Caption-style text data:
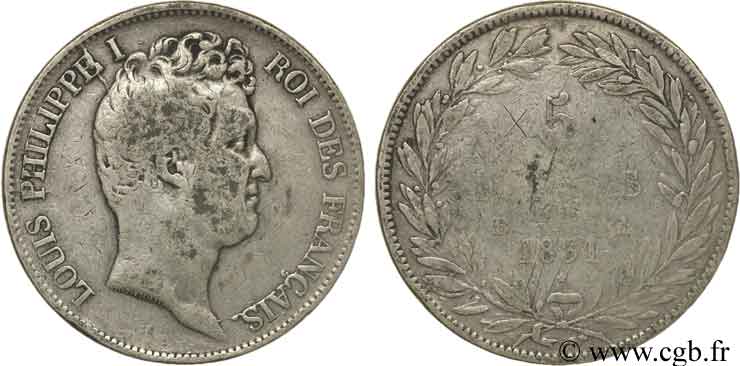 5 francs type Tiolier avec le I, tranche en creux 1831 Rouen F.315/15 F12 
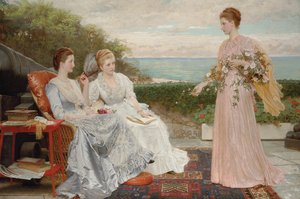 城壁、ウォルマー城：グランビル伯爵夫人の肖像、ビクトリア女王とメアリーレブソンガワー、1891年 作： Charles Edward Perugini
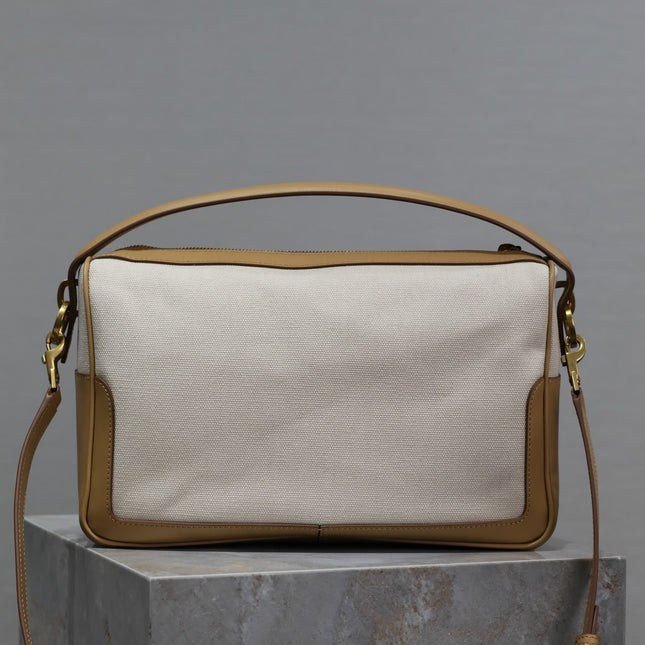 CAMERA SUPPLE BAG 28 IN WHITE CANVAS AND BROWN CALFSKIN TRIM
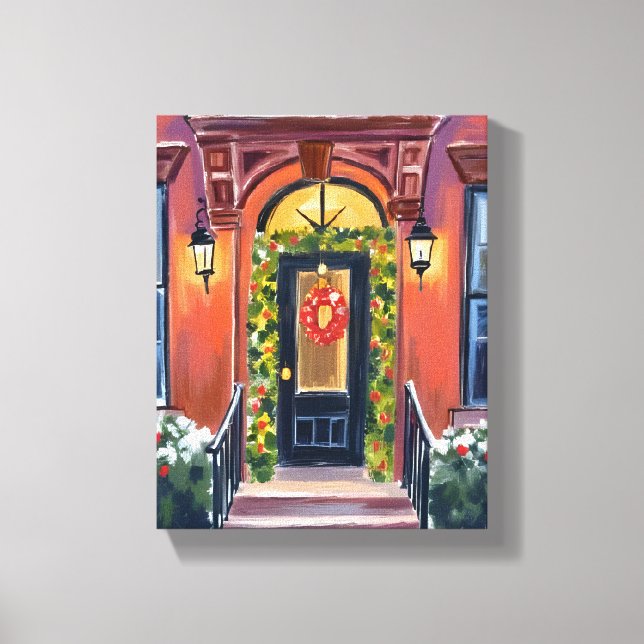 Christmas Steps | Winter Holiday Watercolor Canvastryck (Framsida)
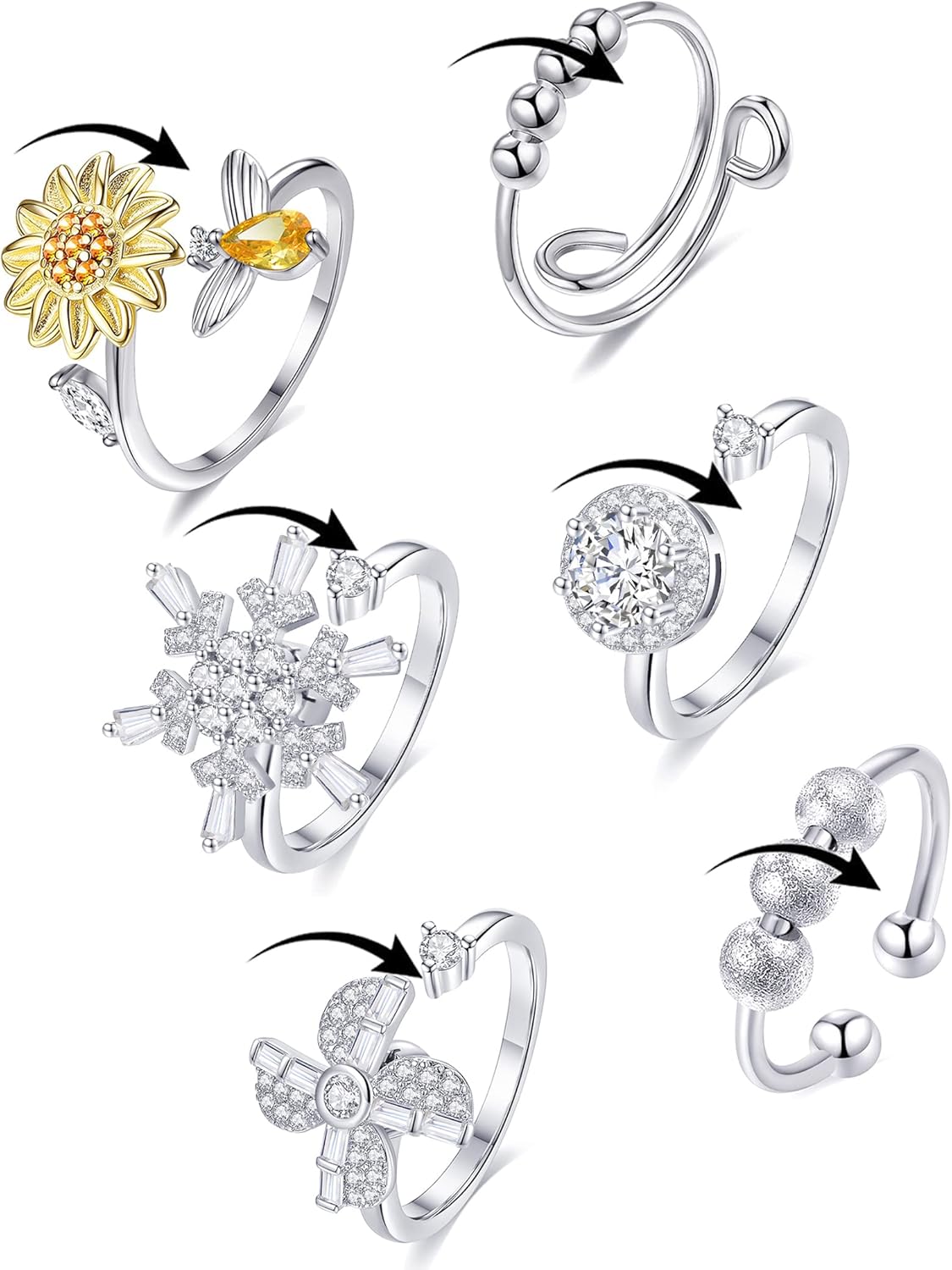 Tornito 5-6Pcs Fidget Anxiety Spinner Ring Adjustable Open Ring Cubic Zirconia Sunflower Windmill Butterfly Moon Bead Stress Relief Stackable Rings for Women Silver Gold Tone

WHAT IS NEEDED —
Set the records down again exactly, and omit any picture in them.

EXERCISE ANSWER —
 5 francs type Tiolier avec le I, tranche en creux 1831 Rouen F.315/15 F12 
 城壁、ウォルマー城：グランビル伯爵夫人の肖像、ビクトリア女王とメアリーレブソンガワー、1891年 作： Charles Edward Perugini
 CAMERA SUPPLE BAG 28 IN WHITE CANVAS AND BROWN CALFSKIN TRIM
 Christmas Steps | Winter Holiday Watercolor Canvastryck (Framsida)
 Tornito 5-6Pcs Fidget Anxiety Spinner Ring Adjustable Open Ring Cubic Zirconia Sunflower Windmill Butterfly Moon Bead Stress Relief Stackable Rings for Women Silver Gold Tone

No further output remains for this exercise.